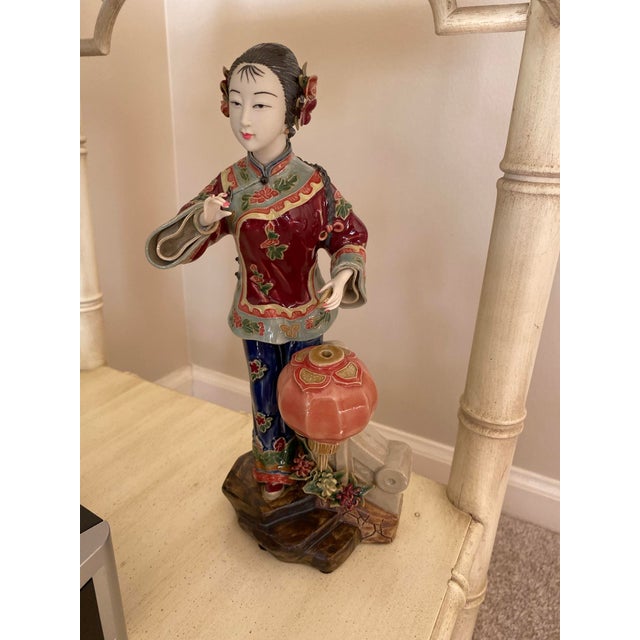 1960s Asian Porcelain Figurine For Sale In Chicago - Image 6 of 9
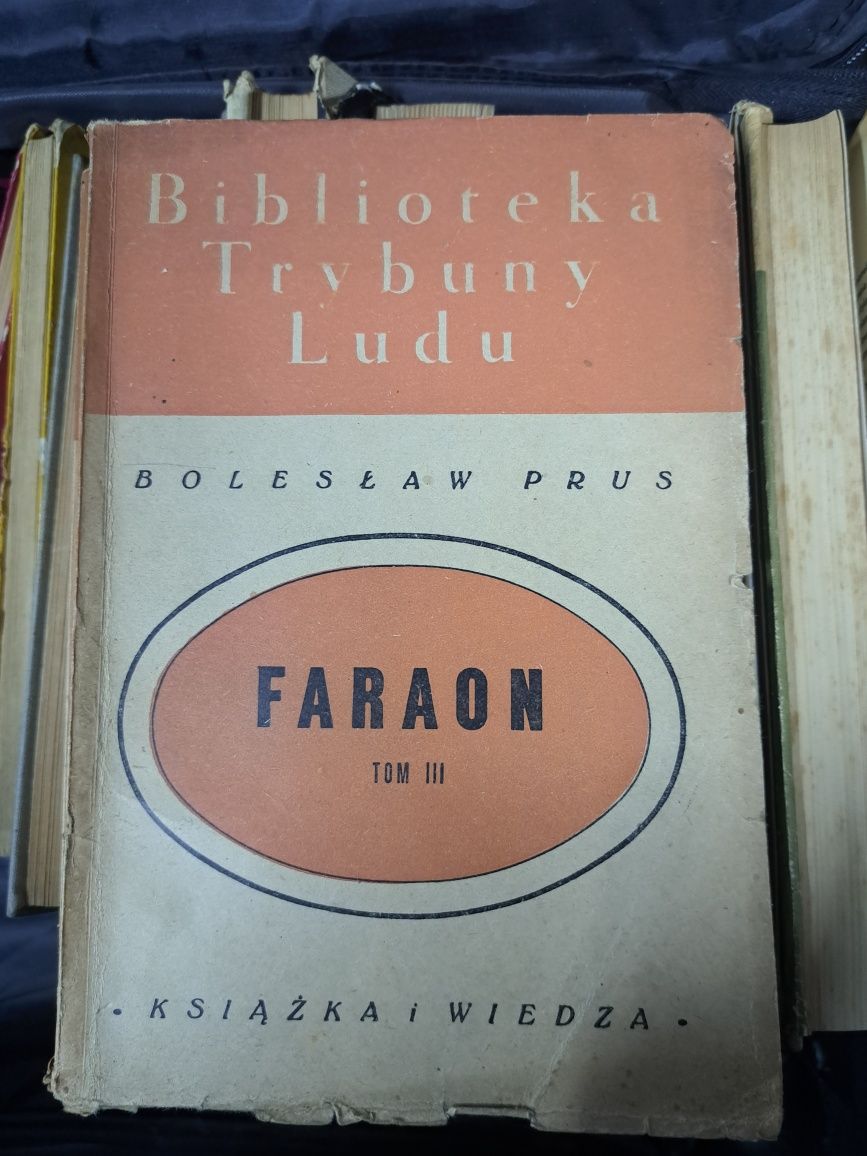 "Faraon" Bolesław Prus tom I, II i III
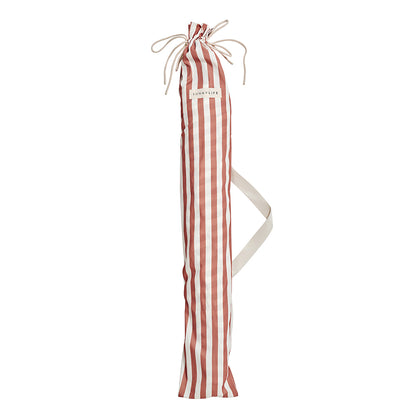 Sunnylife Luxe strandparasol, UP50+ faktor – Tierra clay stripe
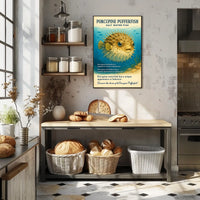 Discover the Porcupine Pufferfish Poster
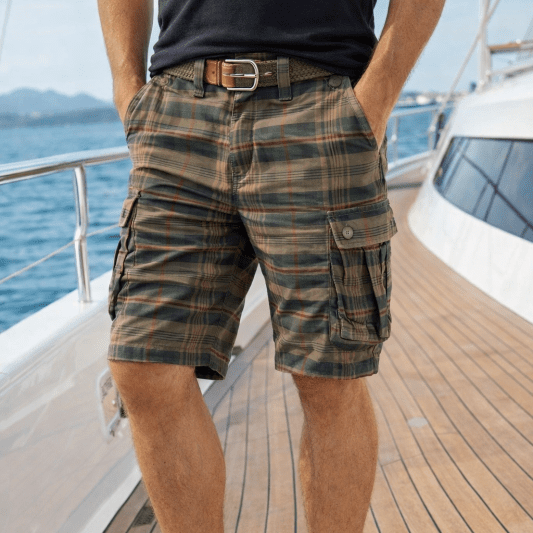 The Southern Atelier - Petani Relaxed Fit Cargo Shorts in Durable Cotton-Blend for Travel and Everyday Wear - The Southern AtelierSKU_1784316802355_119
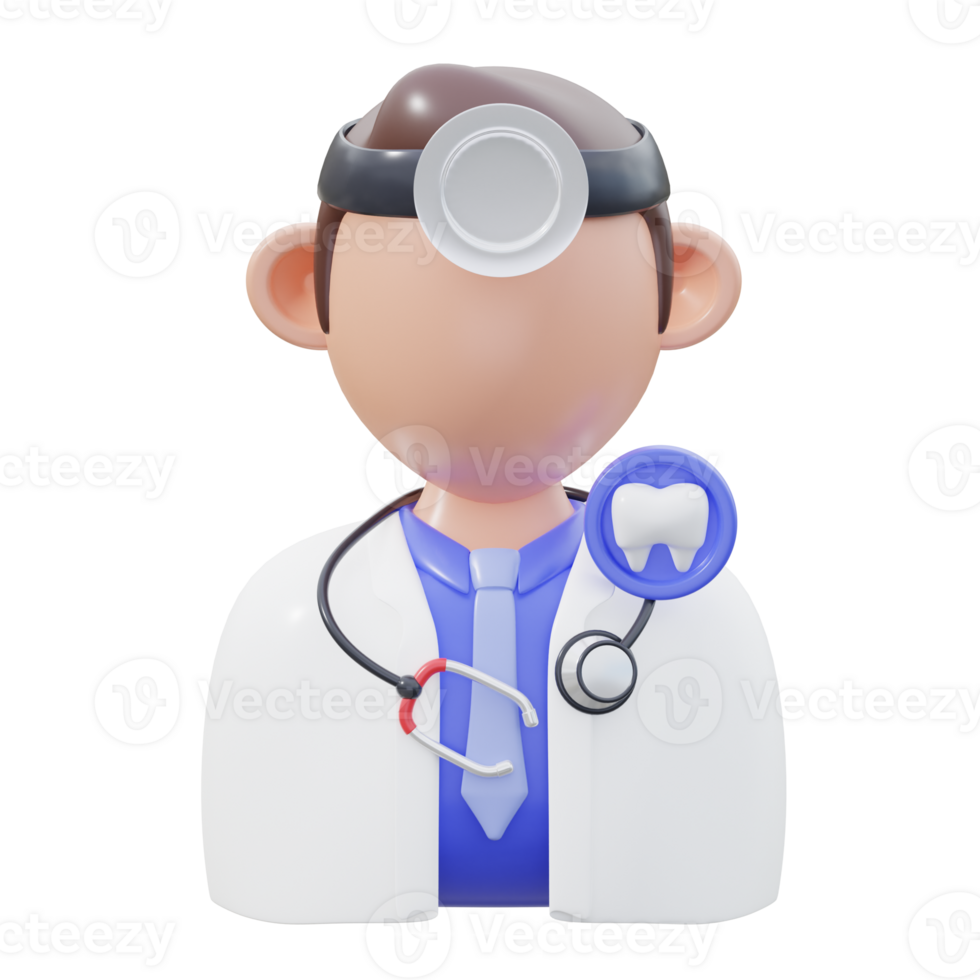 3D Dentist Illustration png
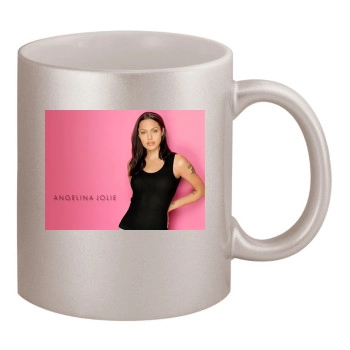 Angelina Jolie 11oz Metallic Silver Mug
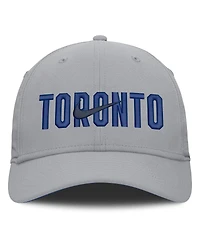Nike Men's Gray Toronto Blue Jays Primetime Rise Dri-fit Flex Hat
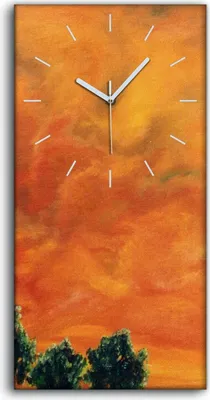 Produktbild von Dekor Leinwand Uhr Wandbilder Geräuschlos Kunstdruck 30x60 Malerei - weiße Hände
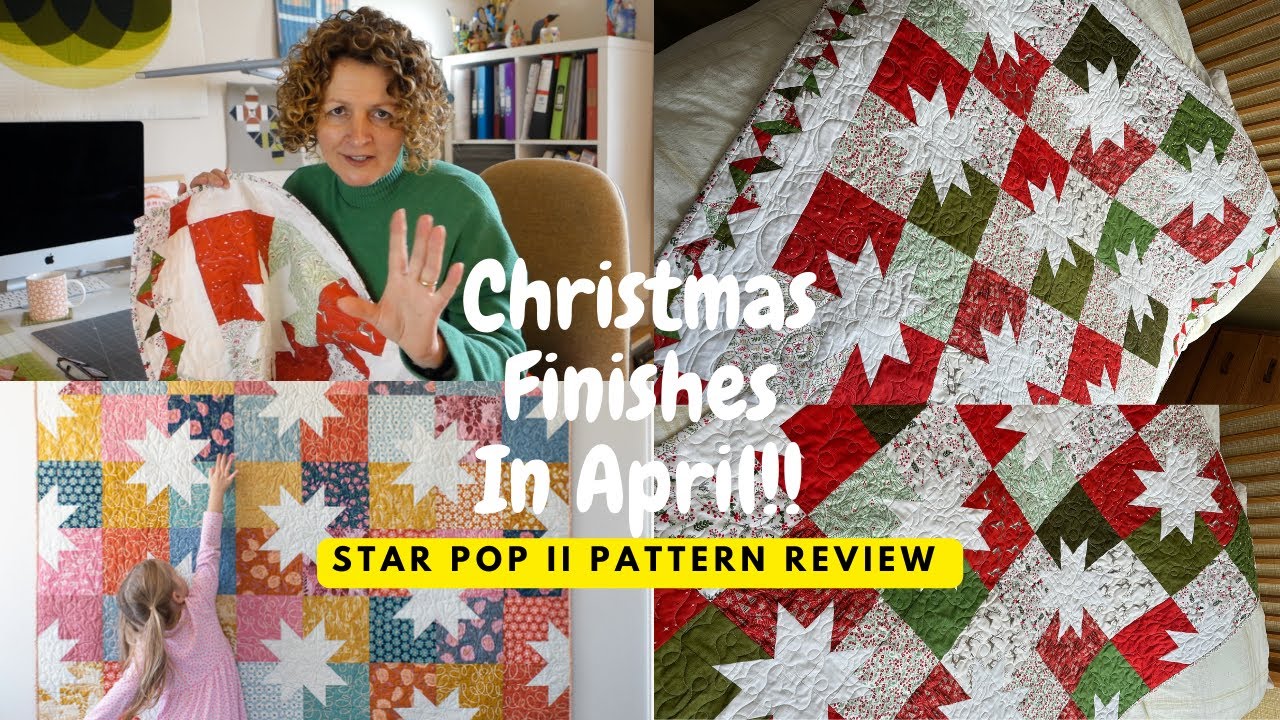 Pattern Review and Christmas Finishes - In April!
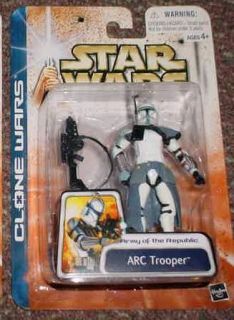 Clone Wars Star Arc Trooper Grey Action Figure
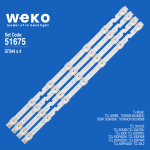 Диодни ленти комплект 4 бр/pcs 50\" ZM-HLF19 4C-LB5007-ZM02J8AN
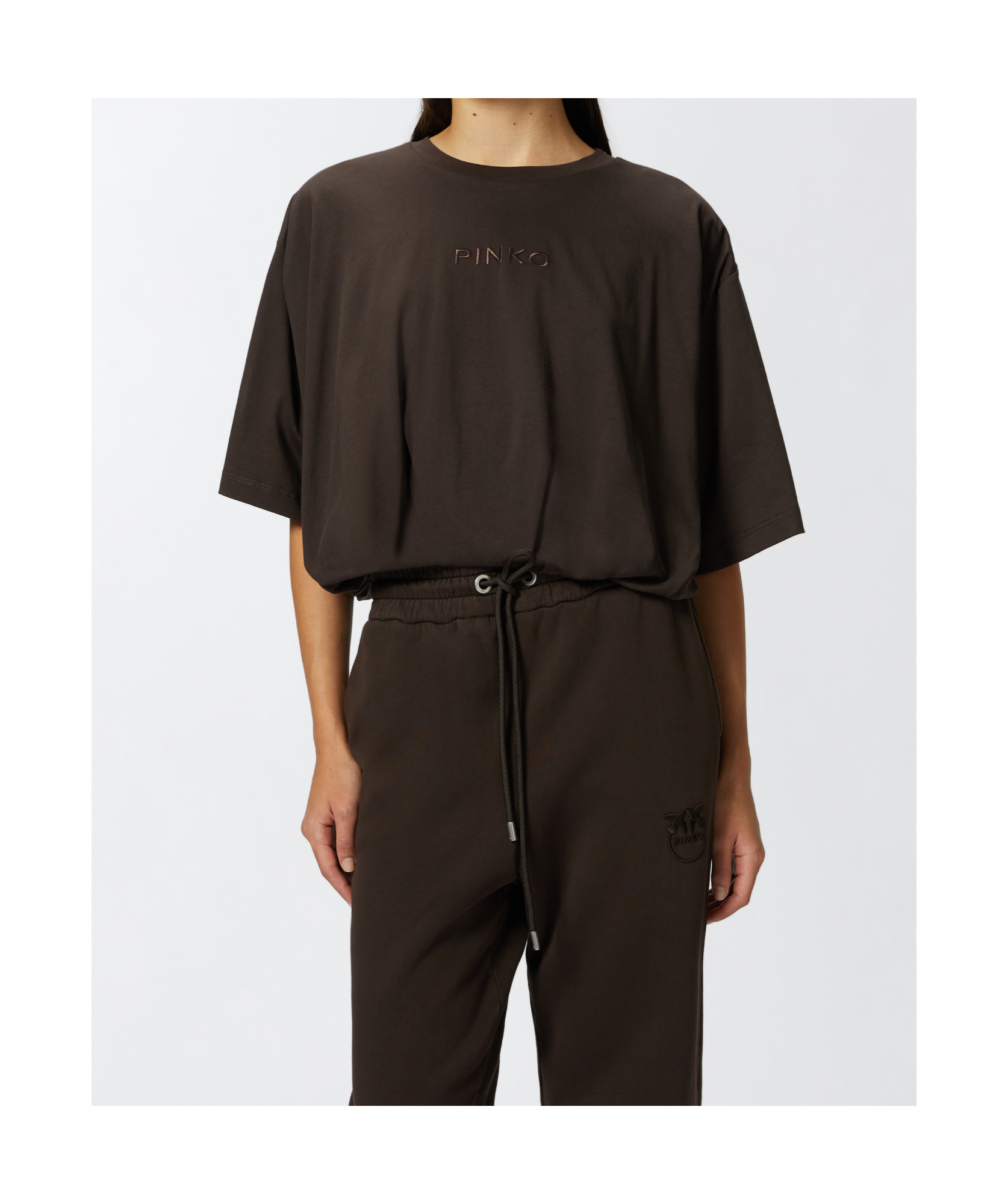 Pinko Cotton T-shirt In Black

----------------

Would you please restate the records word for word, excluding any images?

 1960s Asian Porcelain Figurine For Sale In Chicago - Image 6 of 9
 "Faraon" Bolesław Prus tom I, II i III
 Sunnylife Luxe strandparasol, UP50+ faktor – Tierra clay stripe
 Discover the Porcupine Pufferfish Poster
 The Southern Atelier - Petani Relaxed Fit Cargo Shorts in Durable Cotton-Blend for Travel and Everyday Wear - The Southern AtelierSKU_1784316802355_119
 3D Dentist Illustration png
 Angelina Jolie 11oz Metallic Silver Mug
Nike Men's Gray Toronto Blue Jays Primetime Rise Dri-fit Flex Hat
 Produktbild von Dekor Leinwand Uhr Wandbilder Geräuschlos Kunstdruck 30x60 Malerei - weiße Hände
 Pattern Review and Christmas Finishes - In April!
 Clone Wars Star Arc Trooper Grey Action Figure
 Диодни ленти комплект 4 бр/pcs 50\" ZM-HLF19 4C-LB5007-ZM02J8AN
 Pinko Cotton T-shirt In Black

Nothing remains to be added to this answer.